# ACTIVITY
Starting at the line that contains "Portrait of Hwang Min-hyung" and stopping at the line that contains "Tran Tuan Anh, miembro", transcribe every line of the material below exactly; pictures stay out.

# RECORD EXCERPTS
────────────────────────────────────────

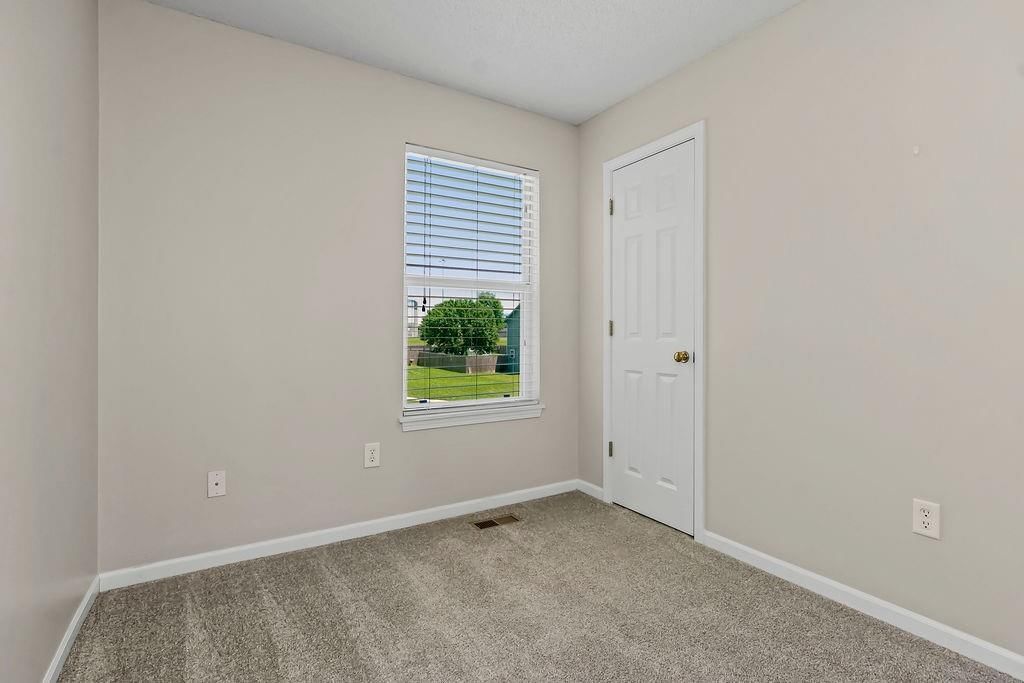 17160 King Court — photo 11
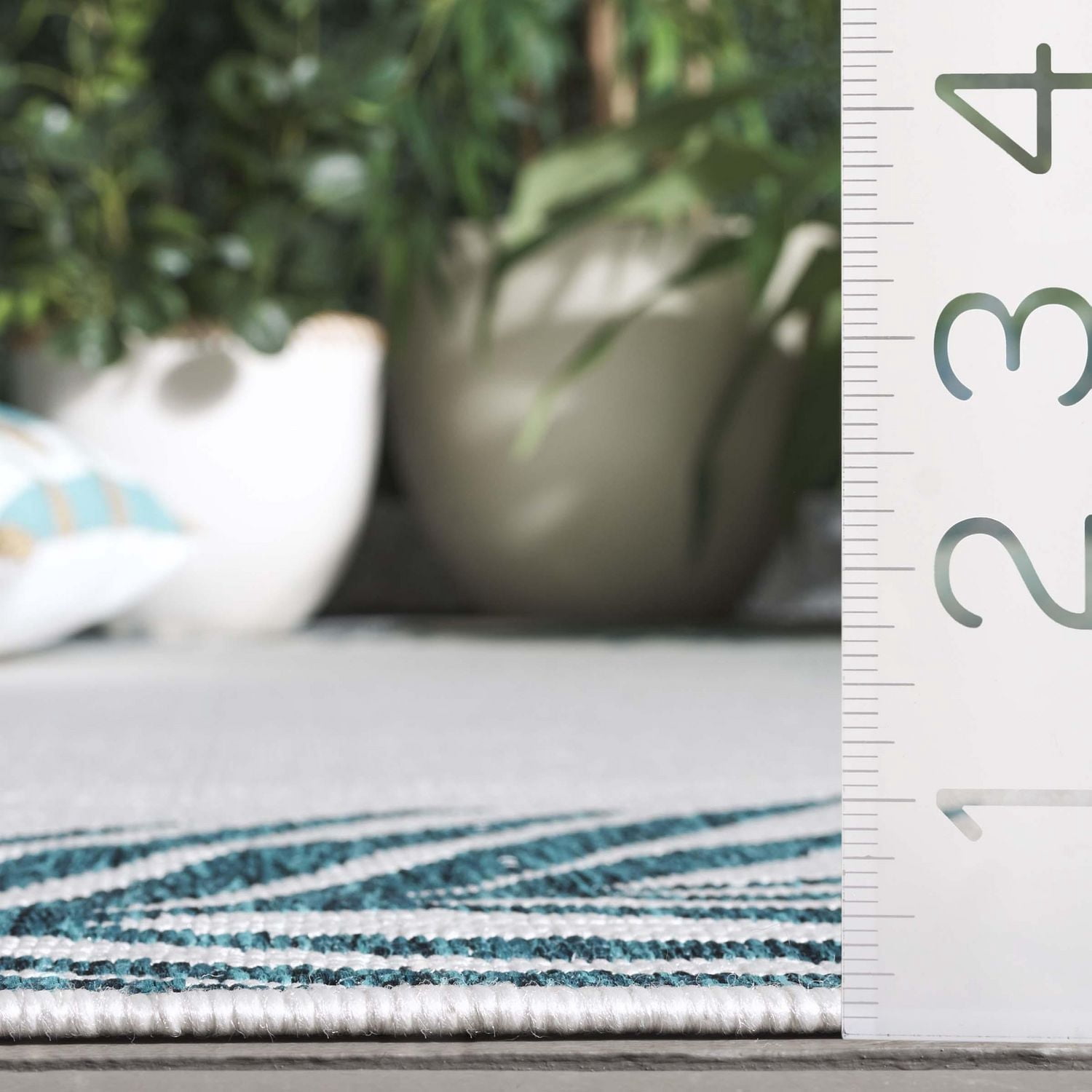 SAFAVIEH Beach House Cherlyn Botanical Indoor/Outdoor Area Rug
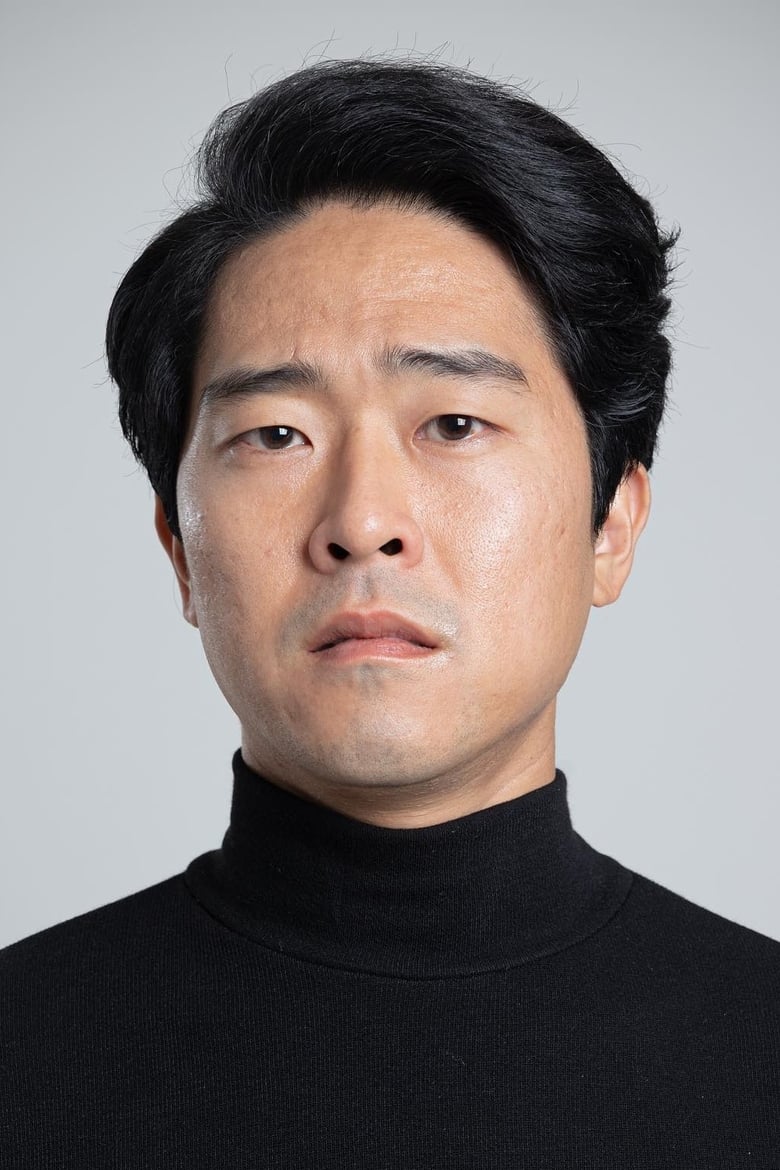 Portrait of Hwang Min-hyung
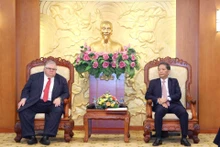 Tran Tuan Anh, miembro del Buró Político y jefe de la Comisión de Asuntos Económicos del Comité Central del Partido Comunista de Vietnam (D) recibe a Agustín Carstens, director general del Banco de Pagos Internacionales. (Foto: baoquocte.vn)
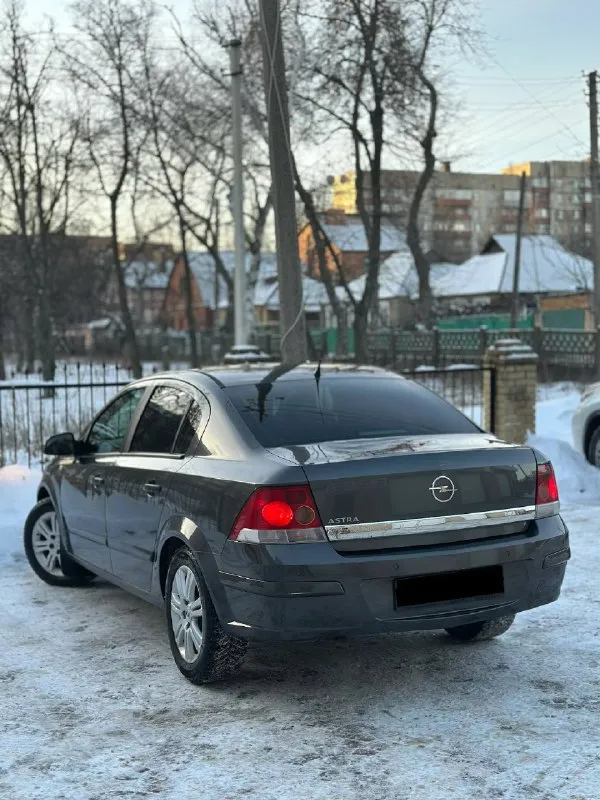 Продам автомобиль, в идеальном состоянии! марка: opel astra h год выпуска: 2011 обьем двигателя: 1.6 бензин коробка: механика пробег: 228т оригинал! атлетка зеленая, последняя фотка. ⚡️⚡️⚡️⚡️ автомобиль вложений не требует, от слова совсем! автомобиль без дтп, 2 хоза отец и сын, в одной семье! работает идеально, как на холодную так и на горячую, даже не слышно работу двигателя! салон чистый ухоженный без каких либо запахов! ❗️❗️❗️❗️ максимальная комплектация: климат контроль. круиз контроль. подогрев сидений. полный электропакет. комбинированный салон. авто свет. авто дождь. кожаный мультируль. партроники заднего хода. бортовой компьютер. андроид магнитола навигатор bluetooth aux громкая связь. расход топлива, (город 8.5-9.5) (трасса 6.5-7.0) 2 комплекта колес зима новая michel лето перелли. 2 ключа. город осмотра донецк-макеевка цена 710.000₽ ▶️смотреть больше фото◀️ телефон. +7949-989-62-00 📲 tg: @alligator_0888 📞 звоните: +7(949)9896200 - фотография - 6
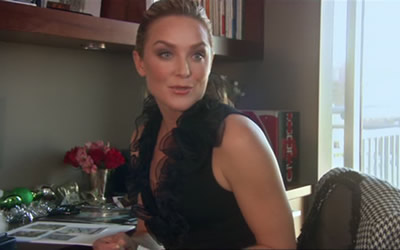 Elisabeth Röhm in A Christmas Kiss (2011)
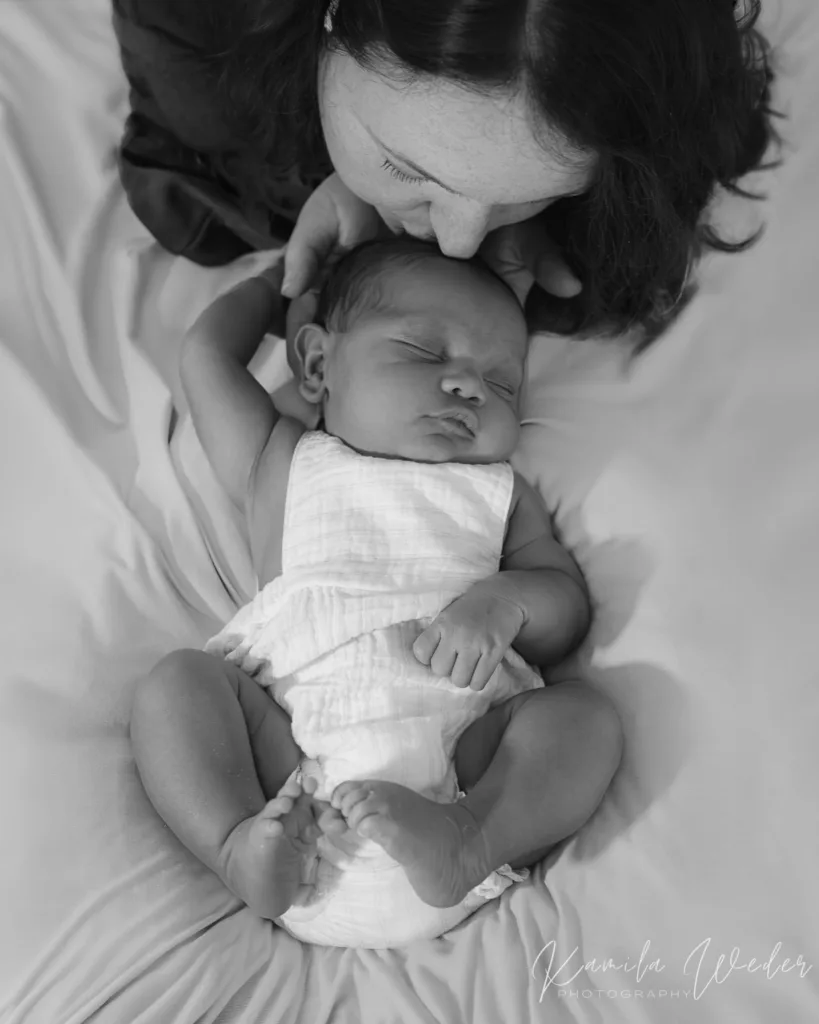 NEWBORN photography Nazare Portugal - Kamila Weder Photography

────────────────────────────────────────

# WRITTEN ANSWER
 Portrait of Hwang Min-hyung
 Tran Tuan Anh, miembro del Buró Político y jefe de la Comisión de Asuntos Económicos del Comité Central del Partido Comunista de Vietnam (D) recibe a Agustín Carstens, director general del Banco de Pagos Internacionales. (Foto: baoquocte.vn)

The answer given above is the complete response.